Music isn’t about how you say it, but what you say.
We Americans were unlucky in the 90’s. Sure, plenty of good music came out of that decade, but it wasn’t really substantial. The radio co-opted main-stream radio. And while I listen to anything, on occasion, they have changed from their roots. Pop sold sex, Rap propagated anger, and Rock said…nothing. The ‘Protest Song’ was lost, and this was a tragedy for Americans.
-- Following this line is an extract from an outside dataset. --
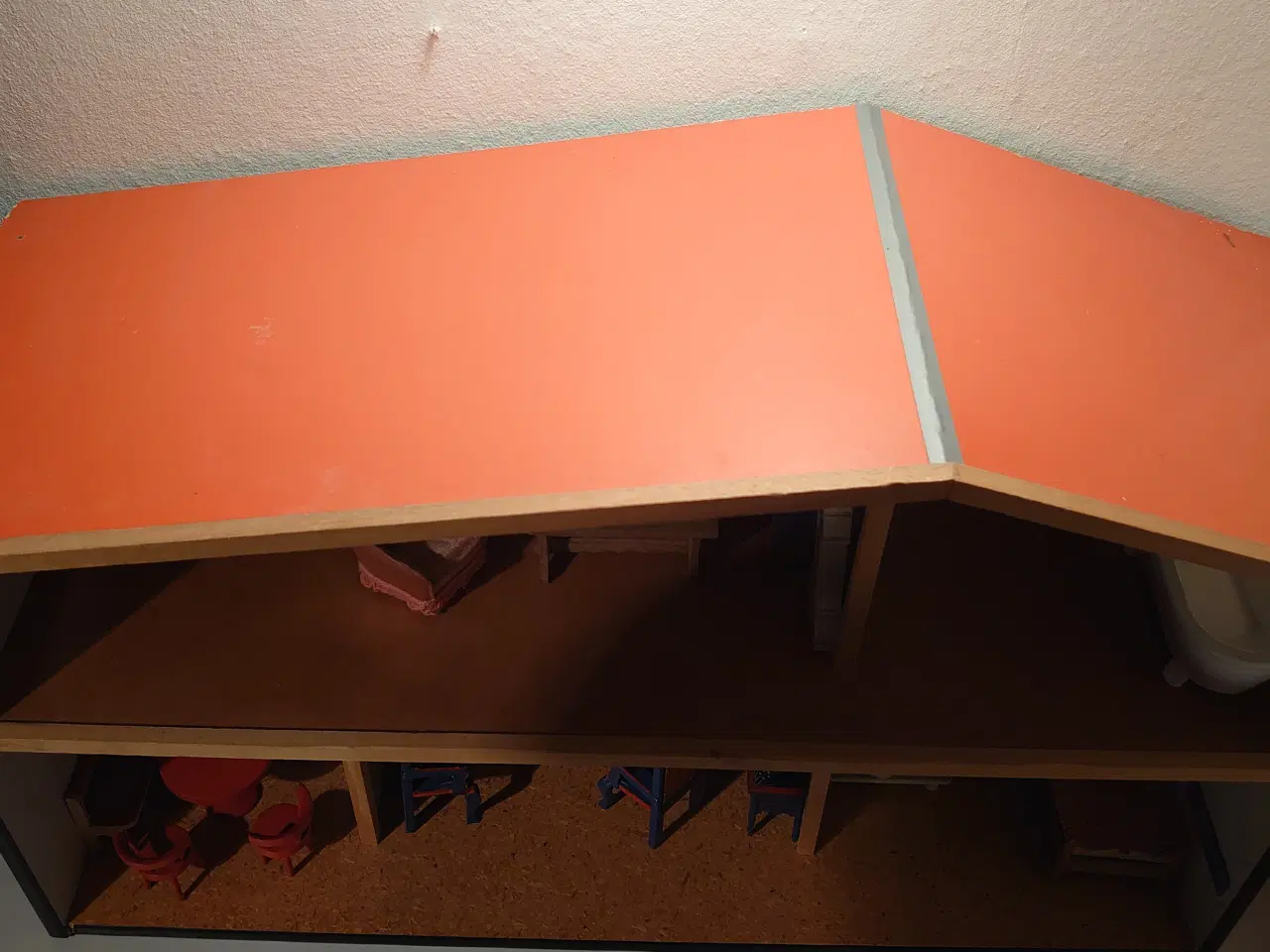 Billede 7 - Ældre velholdt dukkehus med 28 træmøbler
During the 60’s and 70’s, music was used to change politics. It was a key podium for the American Civil Rights Movement and Feminism. It helped end the Vietnam War and give birth to Rap and Punk. But our society started to change it’s values, and the music reflected this. And like I said, it wasn’t all bad. But it was like ordering skirt steak and get the extra-value meal. We lost the Protest Song and replaced it with Fast-Food Music. Sure, the large fries and Coke filled you up, but it didn’t satisfy the same way. What’s worse, not many seemed to realize our order got mixed up.
Now, at the turn of the millennium, our menu was redesigned. Bruce Springsteen released The Rising in 2002, an album reflecting the events of 9/11. Neil Young followed “The Boss” in 2006 with Living with War, calling it ‘metal folk protest music’, using his music as a weapon against the Bush administration much the same way ‘Ohio’, a CSNY song about the 1970 Kent State University Massacre, was used against Nixon. R.E.M. made a comeback to political music with the release of Around the Sun in 2004, their songs ‘Final Straw’ and ‘I Wanted to be Wrong’ being solemn yet sanguine chastisements of the Iraqi war.
It wasn’t just the experienced protestors of yesteryear who made waves. “Perhaps no musical act has paid a bigger price for speaking out against the war than the Dixie Chicks”. And there’s no better way to put it. Natalie Maines, during a 2003 concert in London, said “Just so you know, we’re on the good side with y’all. We do not want this war, this violence, and we’re ashamed that the President of the United States is from Texas”. And the press had a field day. The band was eventually able to recover from the backlash. President Bush, in an interview by Tom Brokaw, had this to say: “The Dixie Chicks are free to speak their mind. They can say what they want to say … they shouldn’t have their feelings hurt just because some people don’t want to buy their records when they speak out … Freedom is a two-way street”.
Eminem’s Encore album, released late in 2004, featured the song ‘Mosh’. Following in the style of political hip hop bands such as Public Enemy, the video was released just prior to the 2004 Presidential elections. The original video features a crowd rushing into a voter registration area, while it’s second incarnation has those voters bursting into the Capital, demanding their voices be heard. Eminem used ‘Mosh” not just to speak out against the Bush administration but also to encourage young voters to make their voices count. Rise Against has gone a slightly different route in the political arena. The groups members are all vegetarians, and are huge supporters of PETA. Their recent video for their single ‘Ready to Fall’ features footage of factory farming, deforestation and sport hunting.
One band, though, has certainly stood out amongst the rest. An album with a quarter of a million sales in its first week, five-time platinum in the U.S. alone, it has now resurfaced again in a musical number. Green Day’s American Idiot is a force to be reckoned with. The album is a satire of the U.S. in 2004, commenting on domestic and foreign policy and the propaganda hurtling at us through television and radio. The concert/documentary based on the album, Bullet in a Bible, lead singer Billie Joe Armstrong starts of the song ‘Holiday’ by saying “This song is not anti-American; it’s anti-war”. ‘American Idiot’ tells tells the story of a teen trying to separate himself as an individual in a nation of sheep, trying to fight those who tell him what to do, what to buy, how to think.
There are many more individuals out there that have begun their protest again. Anti-Flag, Flobots, Rage Against the Machine, NOFX, John Mayer, Willie Nelson, the Beastie Boys. Music has been society’s commentator since its inception. Once again it has something to say.